I bite my tongue until it hurts and have to breathe once, twice, slap down my terrible desire to take the knife from him, fill the bowl with a flat-puff of flour, rock the pastry cutter back and forth over the butter – quicker, faster, practiced. I am not proud of wanting to say “Here, like this. Here, let me do it.’
I say nothing. Not even about the dog. It’s a long stretch for me.
He looks up. His glance says, “Go.”
I’m gone. Again, not easy. I leave him with his crust, his cornstarch, his piles of lemon zest and a floor foot-stepped sticky.
That night, he serves pie. It is solid – sharp, tangy, piled with swoops of barely browned meringue. We take a picture, and then eat the pie down.
Weeks later we are driving home. He is daze-quiet. To spark words, I tell him I need to do a Thanksgiving column and ask him what he thinks I should write.
“I’m making Thanksgiving pies,” he says, “Lots of them. Why don’t you write about my pies?”
We can take so much of what is budding in each other away with a pause too long, a hesitation too deep, a simple no.
“That’s an idea,” I say.
His suggestion leaves me twitching slightly and I recognize the poke and prod telling me I have some ick-hard lesson to learn over this one.
I try to defend my hesitation, in my head, silently. He’s just learning how to roll out dough and he’s not quite tall enough to get a full push behind the pin without standing on a stool.

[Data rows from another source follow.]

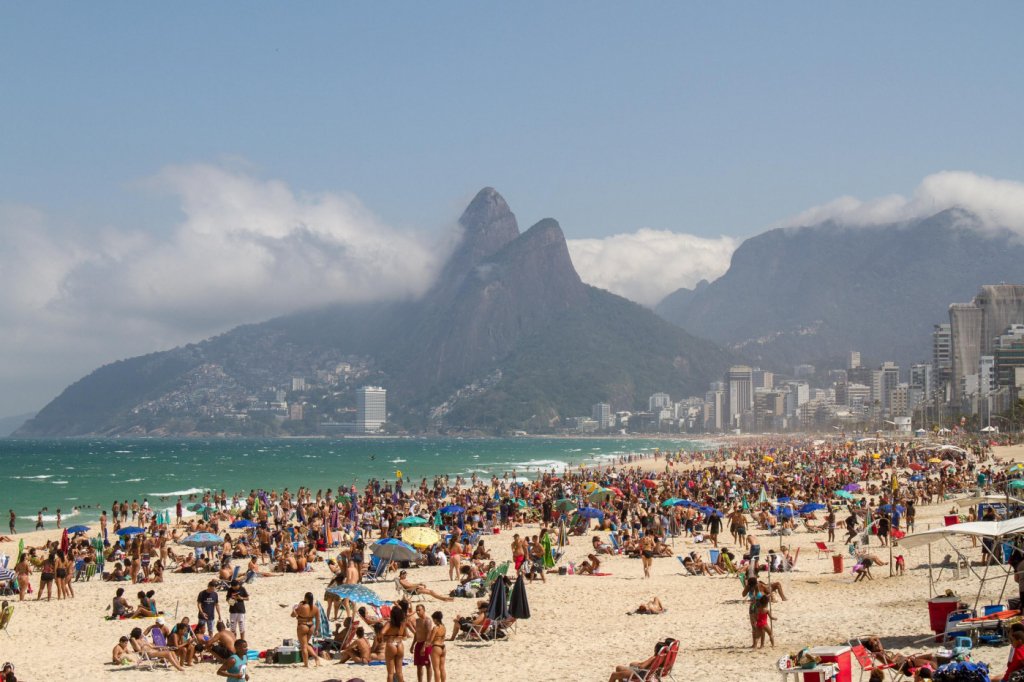 Prefeitura do Rio proíbe uso de caixas de som em praias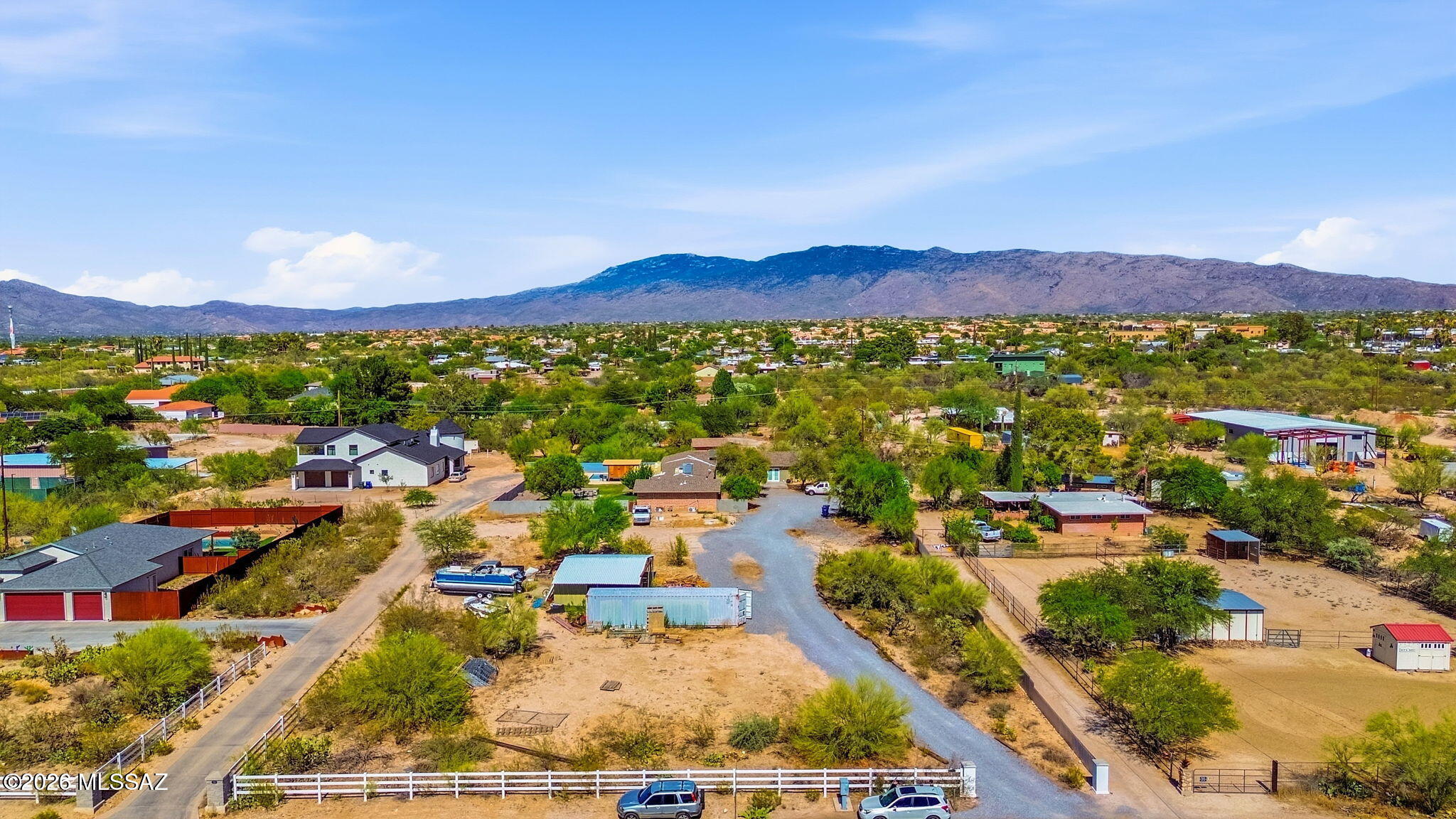 725 South Gollob Road Tucson, AZ 85710 - Photo 4 of 42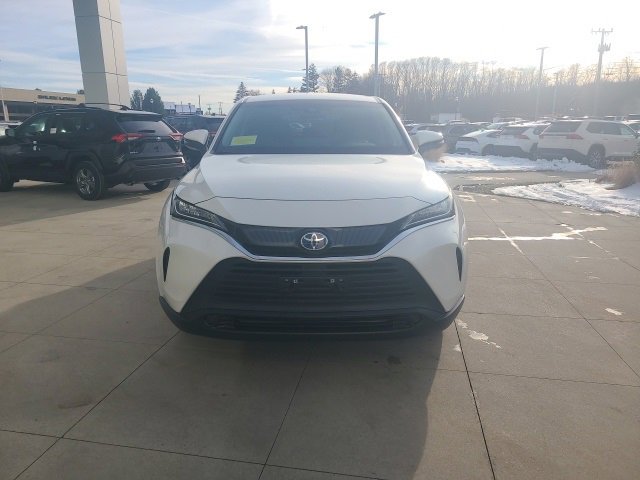 Used 2022 Toyota Venza LE image 2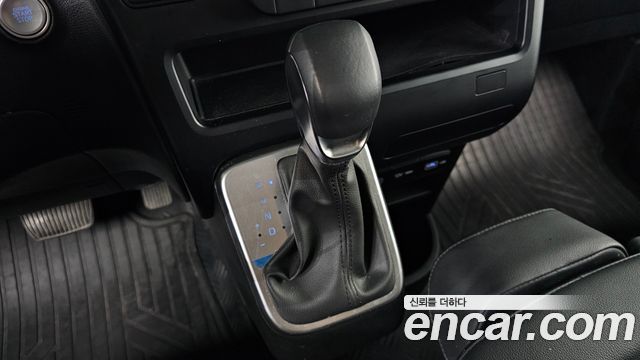 Hyundai Staria 4WD Tourer 9-Seater Modern 2023 — фото 9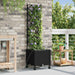 Hageplantekasse med vanning og hjul Svart 40 x 40 x 148 cm PP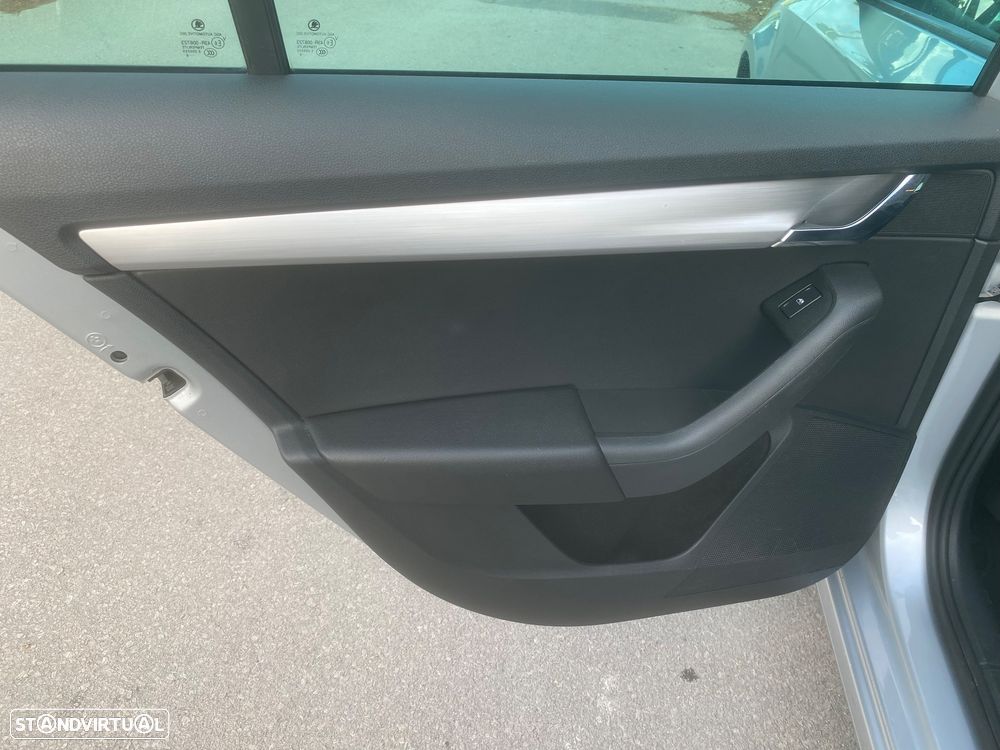 Skoda Octavia 1.6 TDI DSG Ambition - 15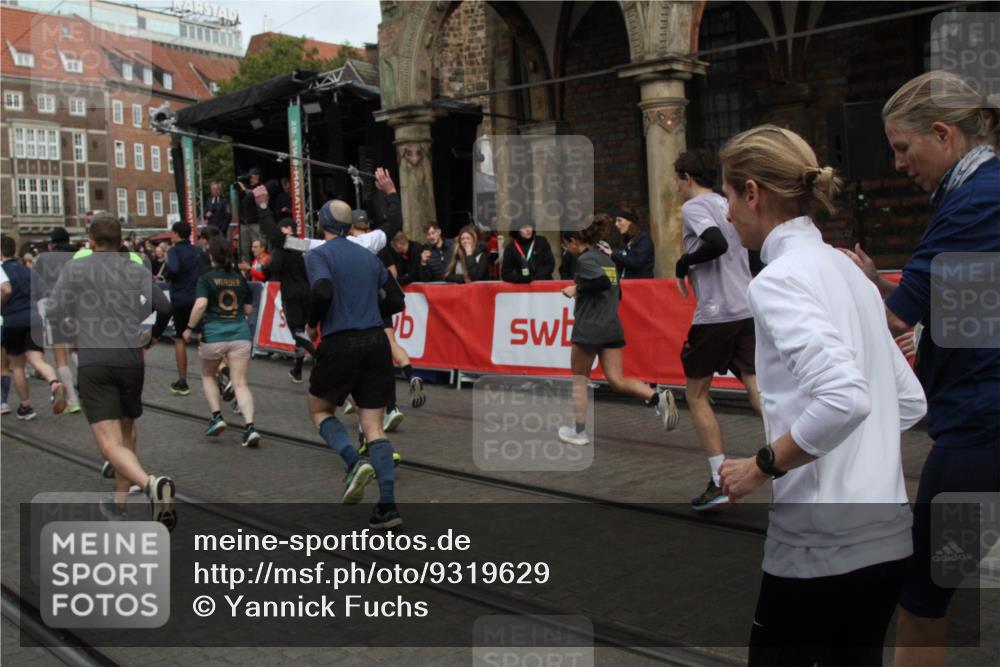 05.10.2025 - 20. swb-Marathon Bremen Yannick Fuchs http://msf.ph/oto/9319629 05.10.2025 11:37:48 Ziel  meine-sportfotos.de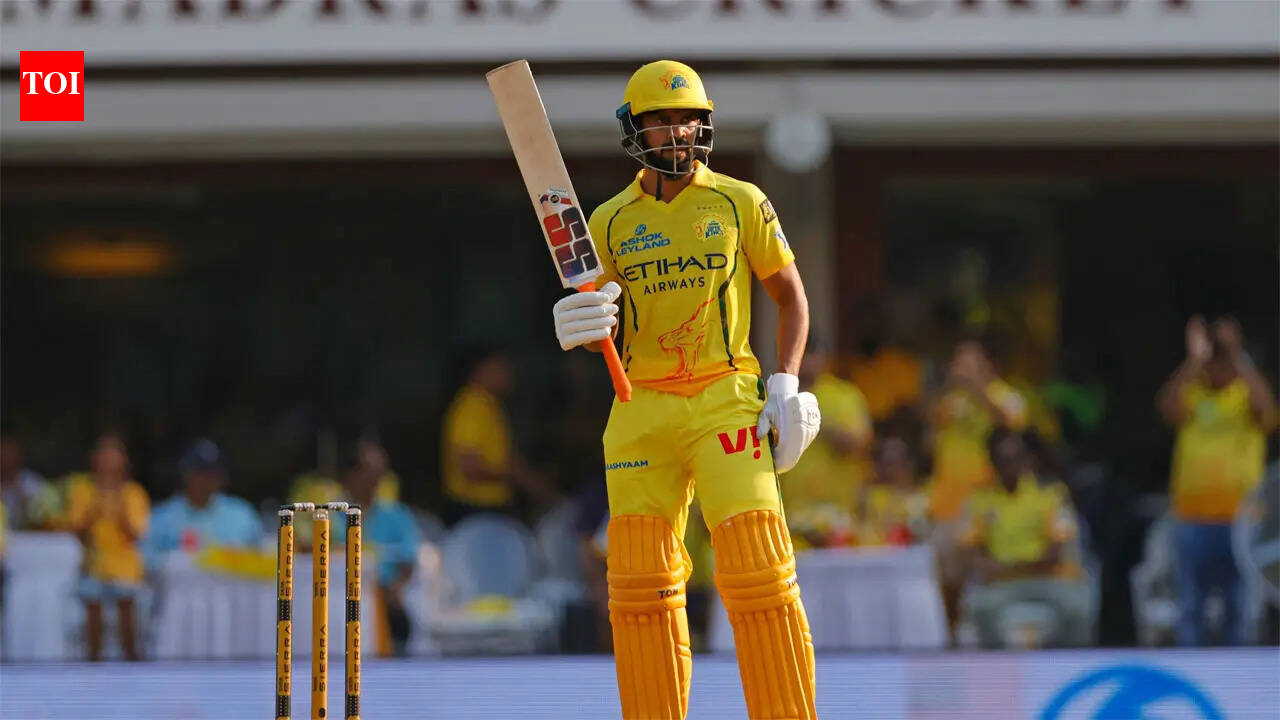 IPL LIVE: GT restrict CSK to 158/7 at Chepauk; Gaikwad hits 74*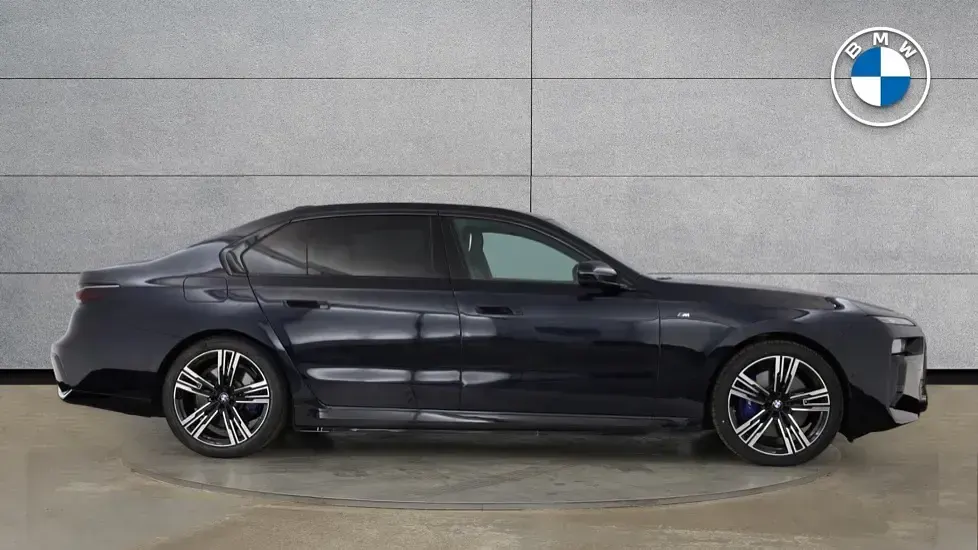 Used BMW 750e M Sport 482 HP (354 kW) 2025 Black Sedan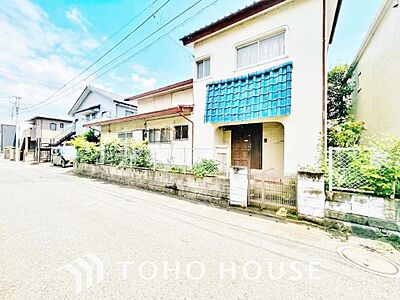 外観:忙しく過ぎゆく日常を置き去るほど、ゆったりした時間が流れる環境です。「快適」は「家」と「街」と「環境」が調和した時に訪れるのだと改めて感じさせてくれます。(※解体後更地渡し) 外観:忙しく過ぎゆく日常を置き去るほど、ゆったりした時間が流れる環境です。「快適」は「家」と「街」と「環境」が調和した時に訪れるのだと改めて感じさせてくれます。(※解体後更地渡し)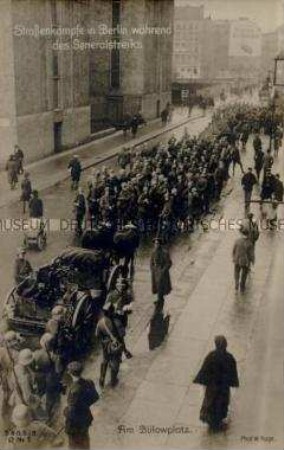 Regierungstruppen am Bülowplatz während des Generalstreiks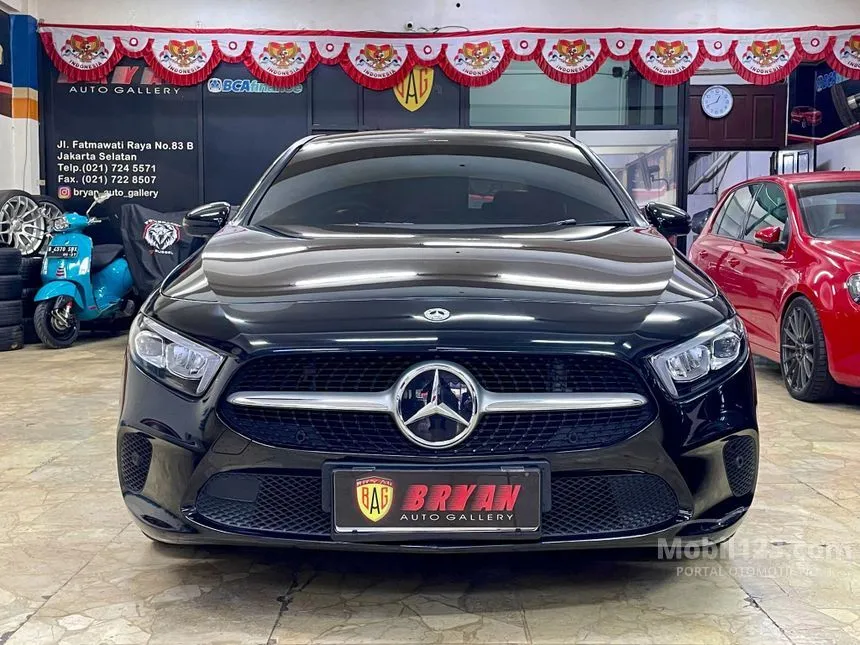 2022 Mercedes-Benz A200 progressive line Sedan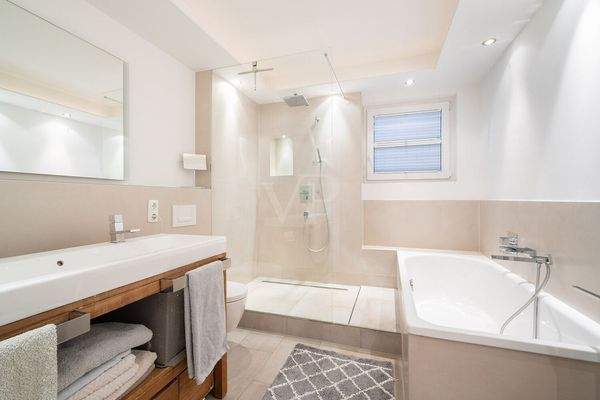 Badezimmer Untergeschoss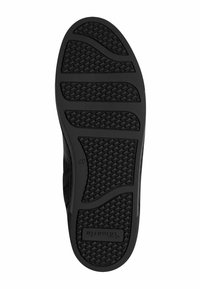 Schwarze Sneakergsohle mit strukturiertem Gummi für Grip, ausgestattet mit einem Zickzack-Muster und dem auf die Seite geprägten Markennamen "tamartis".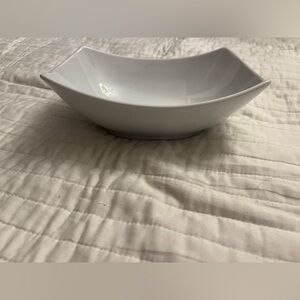 Fitz & Floyd white serving bowl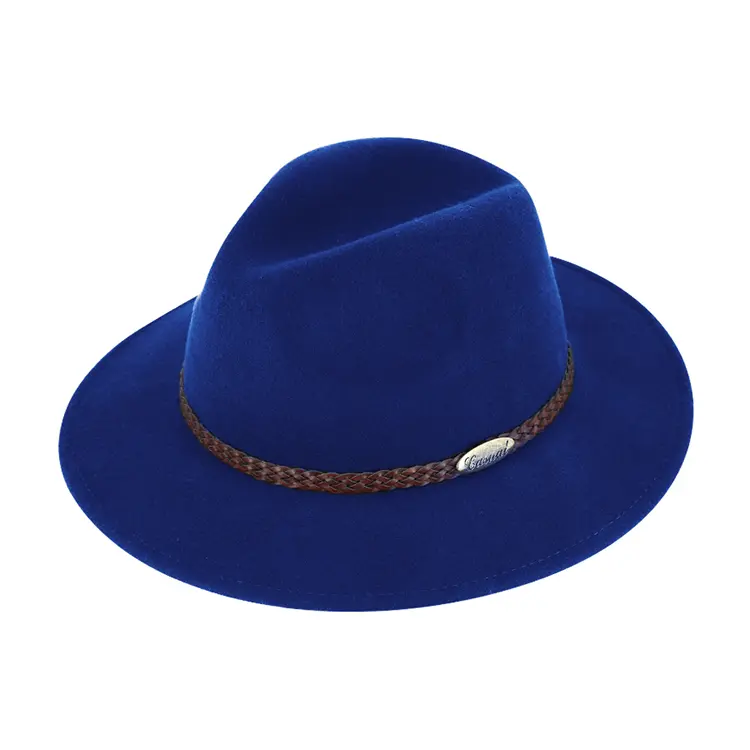 Woolfelt hat Traveller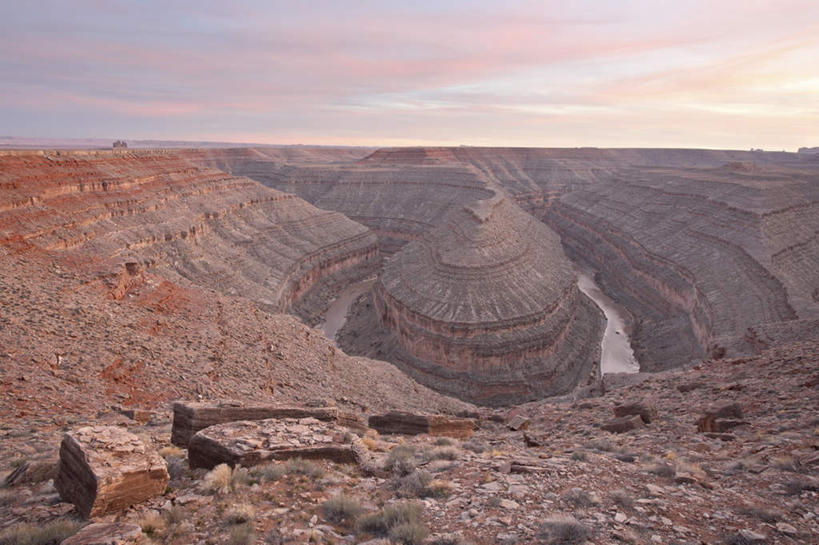 无人,公园,横图,俯视,室外,白天,旅游,度假,河流,石头,美景,日落,山,山脉,水,美国,波纹,朦胧,模糊,石子,河水,景观,山峰,水流,晚霞,霞光,落日,涟漪,山峦,娱乐,倒影,水纹,自然,黄昏,波浪,群山,享受,休闲,景色,彩霞,放松,倒映,北美,北美洲,犹他州,自然风光,美洲,鹅颈州立公园,水晕,北亚美利加洲,亚美利加洲,犹他,蜂窝之州,蜂房州,夕照,反照,石块,岩石,夕阳,彩图,高角度拍摄,斜阳
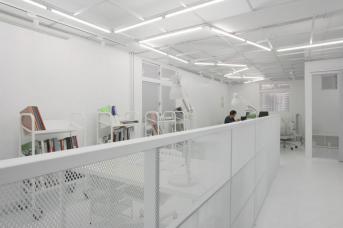 辦公室裝修:建筑人的實(shí)驗(yàn)精神，將18坪新創(chuàng)辦公室變身白色幻境！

His results are more patch-work than thin, flat, round. He once blew the top right off the double boiler nearly burning his fingers into swizzle sticks. His attempts with knives halt my breathing. The apples slide as he slices down.
Of course I will write about his pies.
In one way or another, on this day before Thanksgiving, we are each my son. We may or may not have the pies down perfectly.
We’re learning, renewing, struggling through spurts, transition, realignment, growth. We are, after all, always stepping forward, trying again, getting better.
His pies are good, are getting better, and – are his. They leave the floor sugared, remind me our lives are full of small and essential steps, and that all lessons linger and fill.
He’s making pies this week – lots of them. I’m thankful for each attempt, each beam, each bite. His pies are sublime.